Толстой хочет уверить, что «после деревни и в том серьезном настроении, в котором находилась Наташа» — она никакими другими глазами, кроме таких же примитвных, простецких, не могла смотреть на представление.
В этом — не мало фальши. Что ни говори, а Наташа не мужичка; если она и приехала из деревни, то не из курной [102] избы, а из роскошной барской усадьбы. Кроме того, она уже танцевала на балах, знает блеск обеих столиц, да и в театре сидит не впервые. Продолжительное пребывание в деревне могло оставить на ней печать, но совсем не ту, о которой повествует Толстой. Героиня взята явно неподходящая для описываемых переживаний. Можно даже выразить недоумение, как это Толстой, столь чуткий к правде тончайших душевных движений, мог допустить очевидное несоответствие? Но подмена совершена сугубая. Будь в ложе на месте Наташи простой крестьянин, описания Толстого не выражали бы и его переживаний. Для него, как для московских послов, зрелище было бы малопонятно, но полно необычайного интереса как «диковина». У такого зрителя элемент насмешки и критики совершенно исключен. Спектакль мог его утомить, но у него не могло возникнуть протеста, как у Наташи, для которой будто бы «всё это было так вычурно, фальшиво и ненатурально, что ей становилось то совестно за актеров, то смешно на них».
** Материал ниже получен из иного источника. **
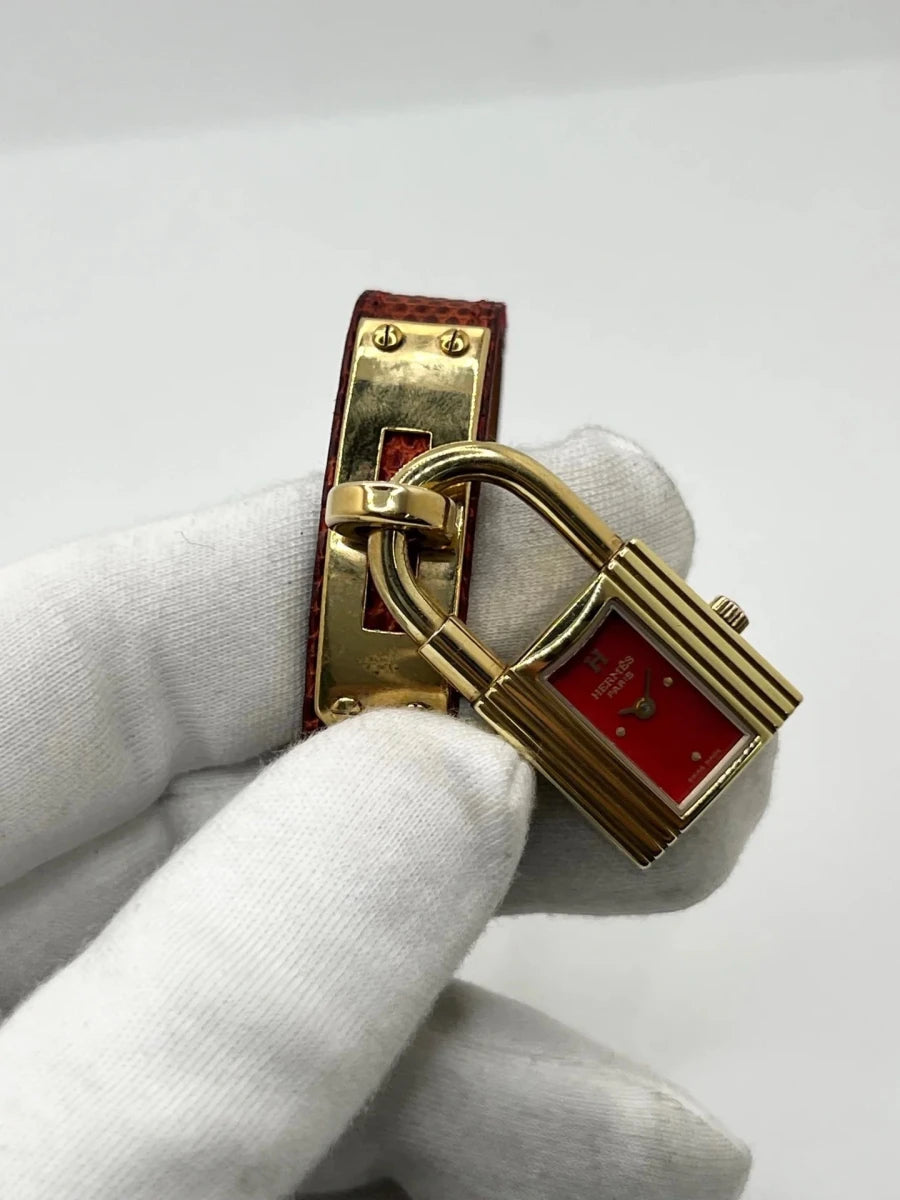 Montre HERMÈS "Kelly" plaqué or, acier et cuir - Castafiore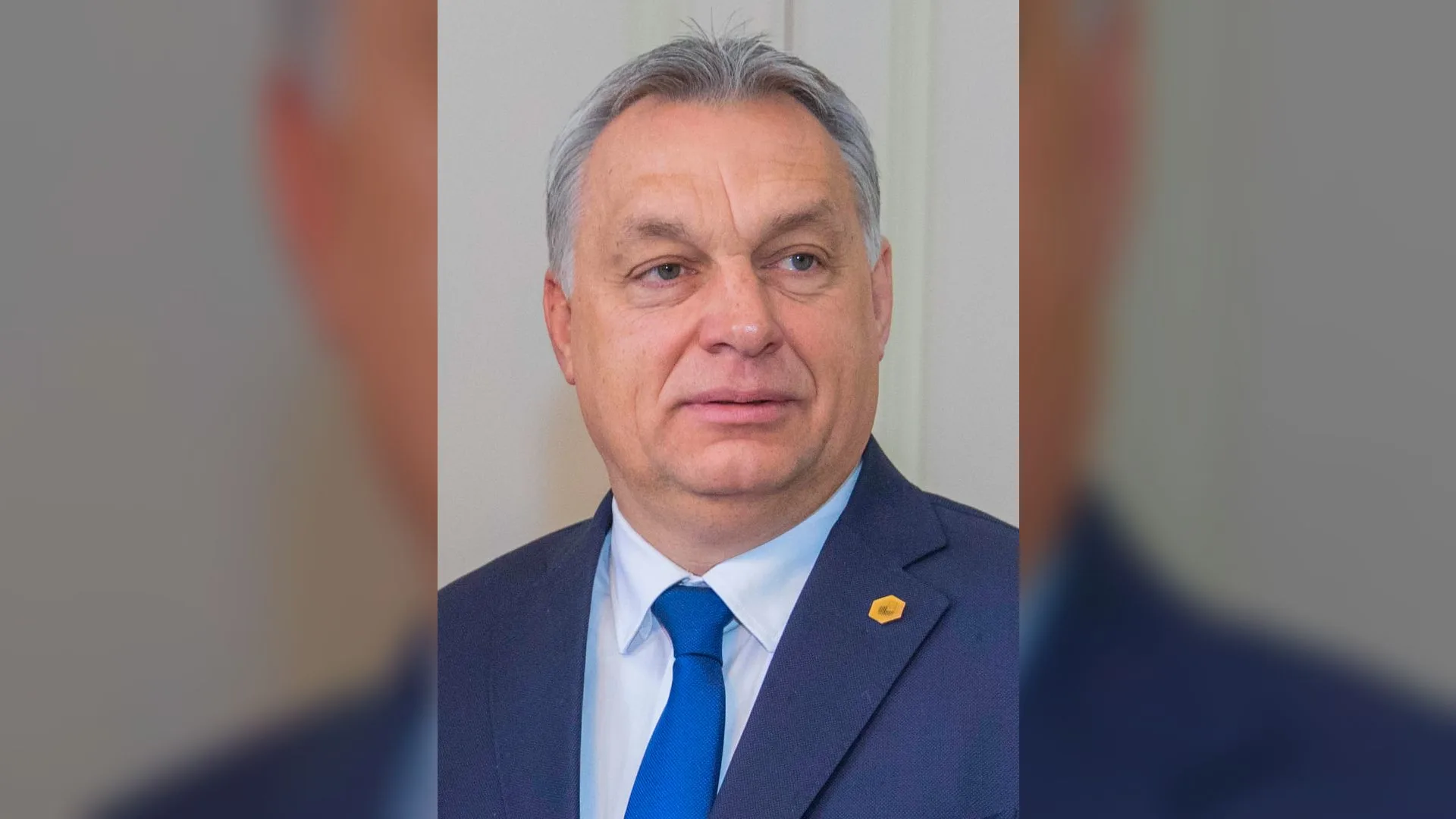 Lacivert takım elbiseli, mavi kravatlı, gri saçlı bir adamın portresi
Спрашивается, почему условность театрального искусства, понятная всему зрительному залу, была непонятна одной этой девочке, более других склонной к его пониманию и по возрасту, и по деревенской простоте, приписанной ей автором?
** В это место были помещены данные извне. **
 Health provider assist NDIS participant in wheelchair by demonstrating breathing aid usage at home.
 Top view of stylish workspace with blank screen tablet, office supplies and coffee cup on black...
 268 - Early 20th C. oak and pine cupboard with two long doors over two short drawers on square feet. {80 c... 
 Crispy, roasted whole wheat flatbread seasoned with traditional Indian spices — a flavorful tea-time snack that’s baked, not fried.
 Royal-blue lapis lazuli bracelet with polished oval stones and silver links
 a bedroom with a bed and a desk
Совершенно очевидно, что приписана не одна простота. Колдовской, завораживающей силой своего мастерства Толстой сумел незаметно для читателя «подкинуть» Наташе чуждый ей комплекс переживаний и заставить нас поверить в натуральность ее презрения к актерам за их фальшь и ненатуральность. Не Наташино это презрение и не ее первую заставляет Толстой презирать театр. В сказке о девочке Вареньке театр тоже не нравится детям, и не нравится по той же причине, что и Наташе — ненатурально, ненастоящее. «Неужели это настоящие девочки?» — спрашивают они, глядя на сцену. И когда их уверяют в этом, они обижаются: «которые с нами рядом сидят, я вижу, что настоящие, а те — я не знаю». И аплодисменты кажутся детям такими же смешными и нелепыми, как Наташе. Ясно, что не герои, а сам Толстой смеется, презирает, ненавидит то искусство, о котором редкий из больших людей не вспоминал с благодарностью и любовью. «Театр, — о, это истинный храм искусства, при входе в который вы мгновенно отделяетесь от земли, освобождаетесь от житейских отношений! — восклицал Белинский… — Ступайте, [103] ступайте в театр, живите и умрите в нем, если можете!» Толстой же твердит только об отвращении к сцене. Недавно Л. Сабанеев рассказал, как Лев Николаевич с возмущением вышел из ложи Большого театра во время представления «Зигфрида» — той оперы, на которую он написал такой «уничтожающий» пасквиль в трактате «Что такое искусство?». Трактат и объясняет нам в полной мере его неприязнь к театру. Всю жизнь он его гнал, бичевал, развенчивал, и кто бы из его героев ни сидел в театре, он должен был всегда выражать одни и те же толстовские, а не свои собственные чувства.